I have the following series: $$ \sum\limits_{n=1}^{\infty} \frac{\sin(n)}{3n^p-\sin(n)} $$ and I want to show that this series diverges for $0<p \leqslant \frac 1 2$. I tried to write $$ \frac{\sin(n)}{3n^p - \sin(n)} = \frac{\sin(n)}{3n^p} \left(1-\frac{\sin(n)}{3n^p}\right)^{-1} = \frac{\sin(n)}{3n^p}\left(1+\frac{\sin(n)}{3n^p}+\cdots \right) \\ = \frac{\sin(n)}{3n^p} \left(1+\frac{\sin(n)}{3n^p}+\cdots+\frac{\sin^k(n)}{(3n^p)^{k}} \left(1-\frac{\sin(n)}{3n^p}\right)^{-1}\right) \\ = \frac{\sin(n)}{3n^p} + \frac{\sin^2(n)}{(3n^p)^{2}}+\cdots+\frac{\sin^k(n)}{(3n^p)^k} + \frac{\sin^{k+1}(n)}{(3n^p)^k \bigl( 3n^p-\sin(n) \bigr)} $$ and then choose for any fixed $p$ such $k$ that $pk > 1$ so that the series related to last term converge. The series related to first term converges for any $p>0$. So there is a problem to show that the series, related to group of terms from first to $k$-th diverges. For each of these terms I can show this by expanding $\sin^m(n)$ as a sum of sines and cosines in first power and constants. But how can I show that the resulting sum will correspond to an also divergent series? Maybe there is some better way to show that my series diverges?

Answer 1

Summation by parts gives the convergence of $\sum_n\frac{\sin n}{n^p}$, so we have to deal with the convergence of $\sum_n a_n$, where $a_n:=\sin n\left(\frac 1{3n^p-\sin n}-\frac 1{3n^p}\right)=\frac{\sin^2n}{3n^p(3n^p-\sin n)}$.
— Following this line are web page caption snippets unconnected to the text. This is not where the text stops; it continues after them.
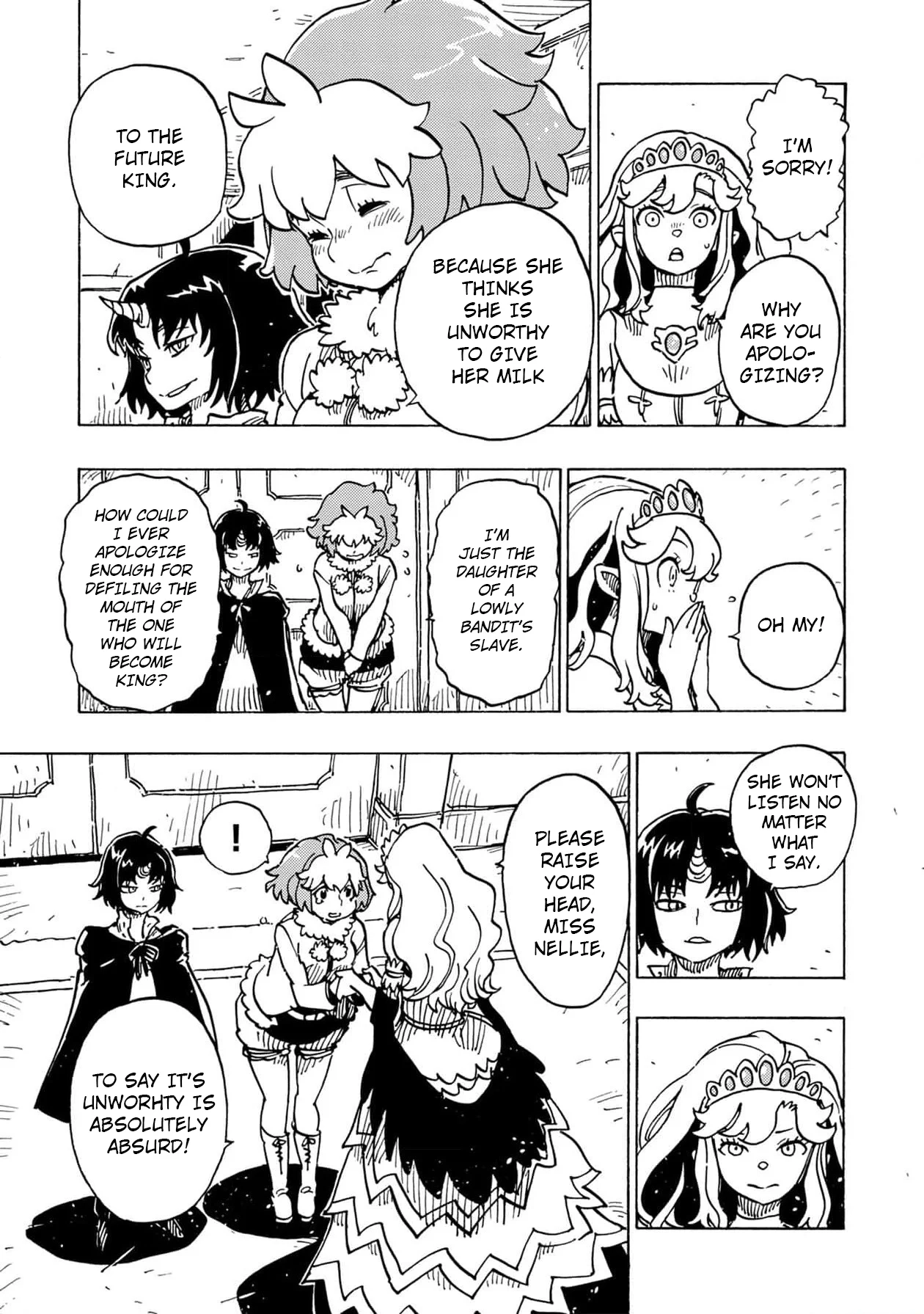 Clevatess: The Devil Beast King, The Baby, & The Corpse Hero Chapter 25 Page 12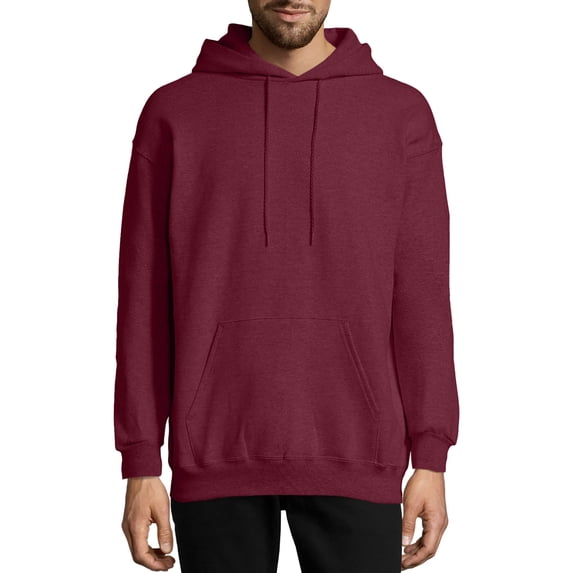 Hanes Men's and Big Men's Ultimate Cotton Heavyweight Fleece Hoodie, up to Size 3XL
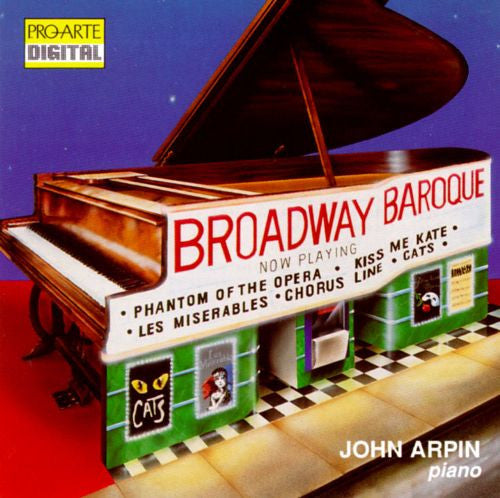 ARPIN, JOHN - BROADWAY BAROQUE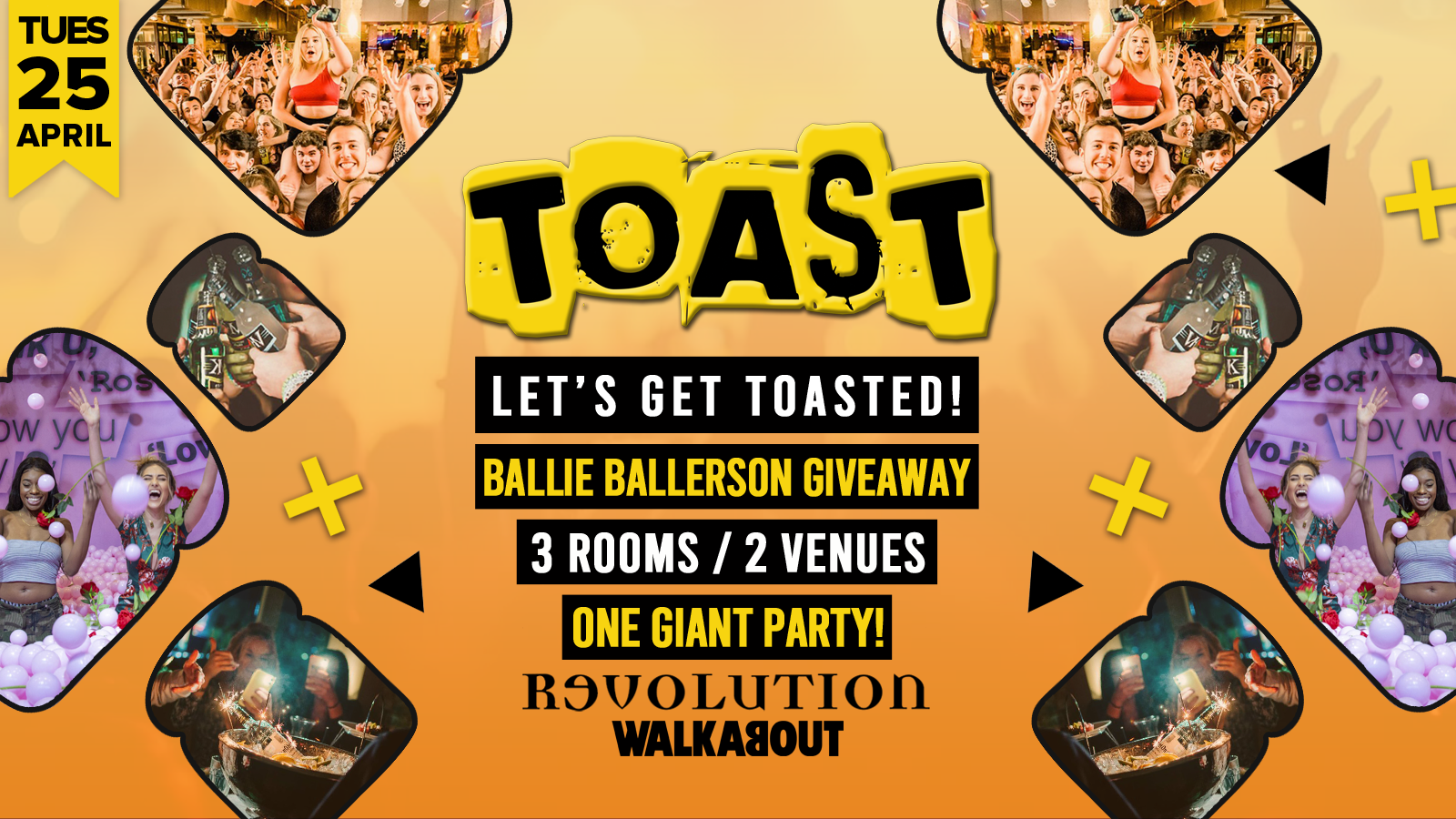 Toast • Ballie Ballerson Giveaway • Revolution & Walkabout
We have a series with non negative terms, and $a_n\sim\frac{\sin^2n}{9n^{2p}}$.

Rewriting $\sin^2n$ as $1-\cos(2n)$ (up to a multiplicative constant), noticing that $\sum_n\frac{\cos(2n)}{n}$ is convergent and $\sum_n\frac 1{n^{2p}}$ is divergent, we conclude the divergence of the initial series.